(YOUR ASSIGNMENT):
Repeat every record exactly, but keep images out of the copy.

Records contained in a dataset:
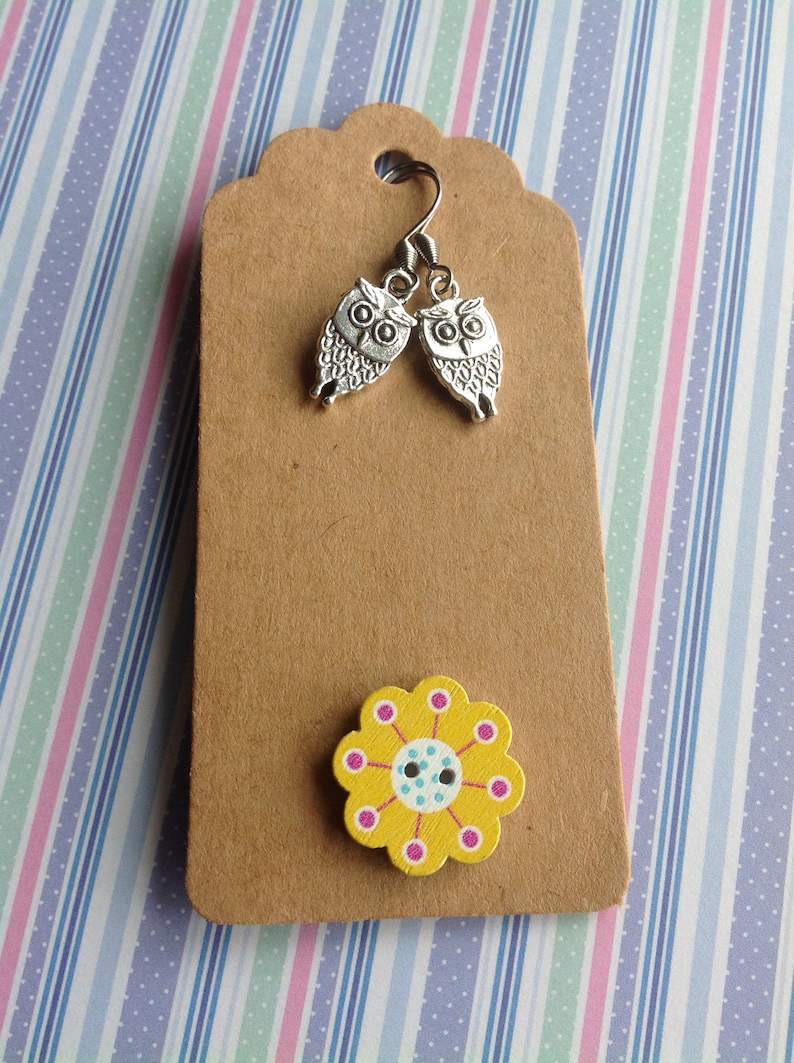 Pode incluir: Uma etiqueta de papel castanho com brincos de coruja prateados e um bot&atilde;o de flor amarelo com detalhes rosa e azul.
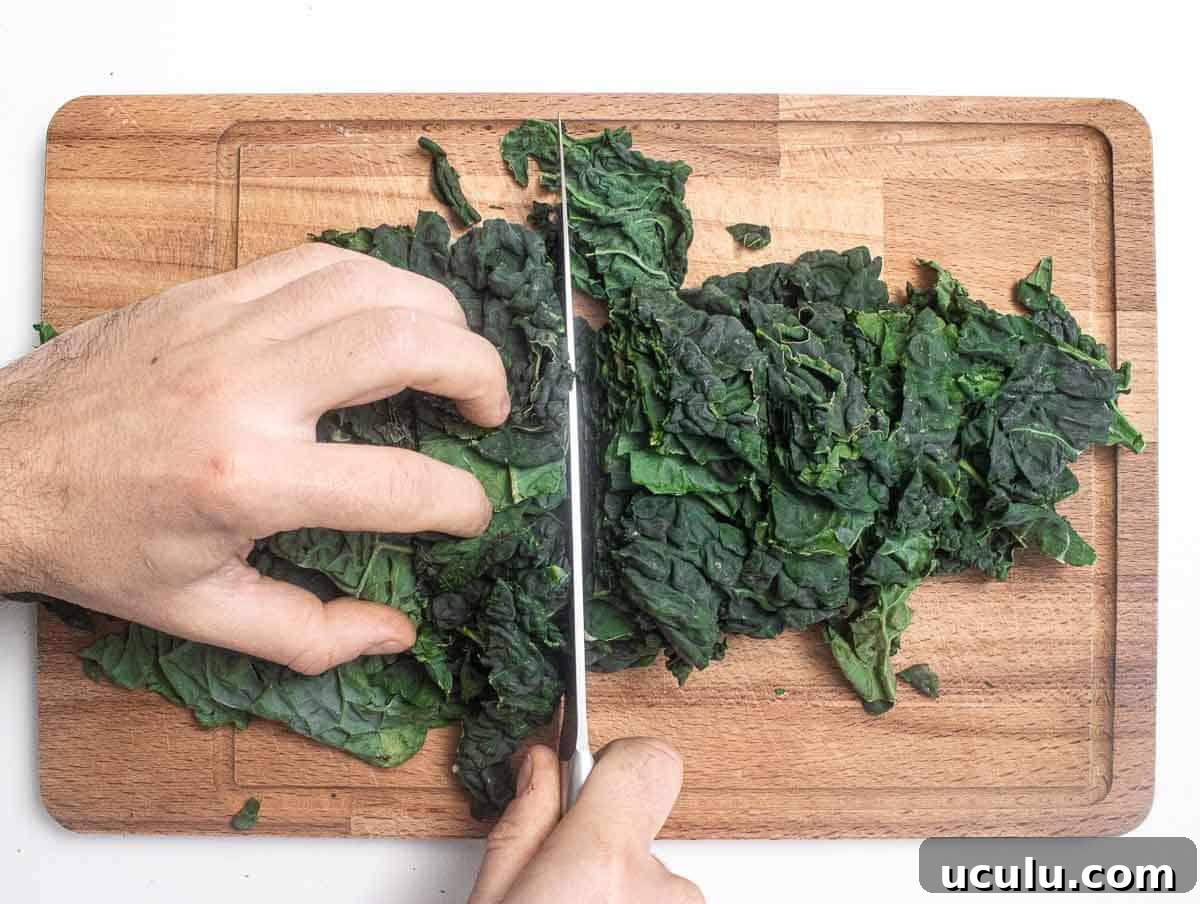 chopping the kale leaves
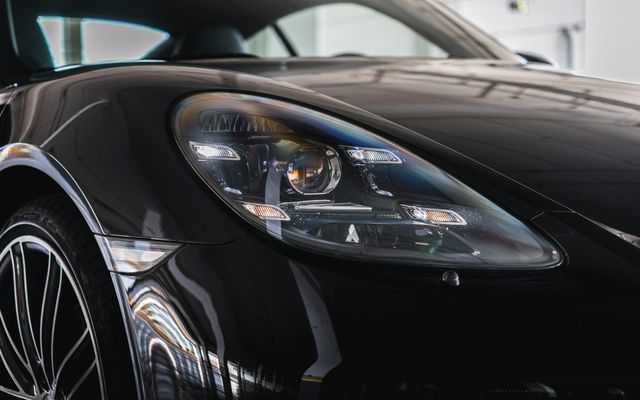 close-up of flawless coated black paint and headlight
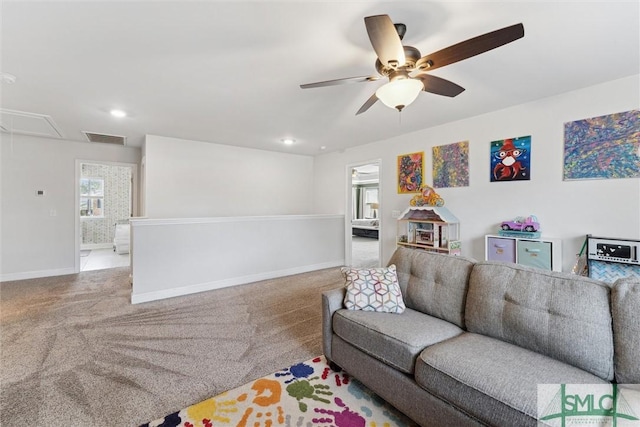 living room with attic access, visible vents, baseboards, a ceiling fan, and carpet floors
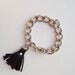 Tassel bracelet in black leather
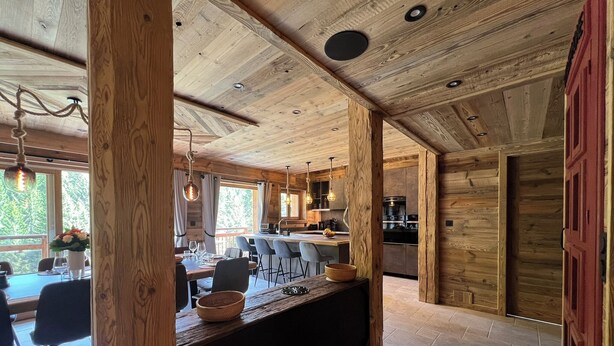 Un intérieur en bois comprenant un coin repas, une cuisine et une porte rouge.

(COMPLETED TASK):
 Pode incluir: Uma etiqueta de papel castanho com brincos de coruja prateados e um bot&atilde;o de flor amarelo com detalhes rosa e azul.
 chopping the kale leaves
 close-up of flawless coated black paint and headlight
 living room with attic access, visible vents, baseboards, a ceiling fan, and carpet floors
 Tassel bracelet in black leather
 Un intérieur en bois comprenant un coin repas, une cuisine et une porte rouge.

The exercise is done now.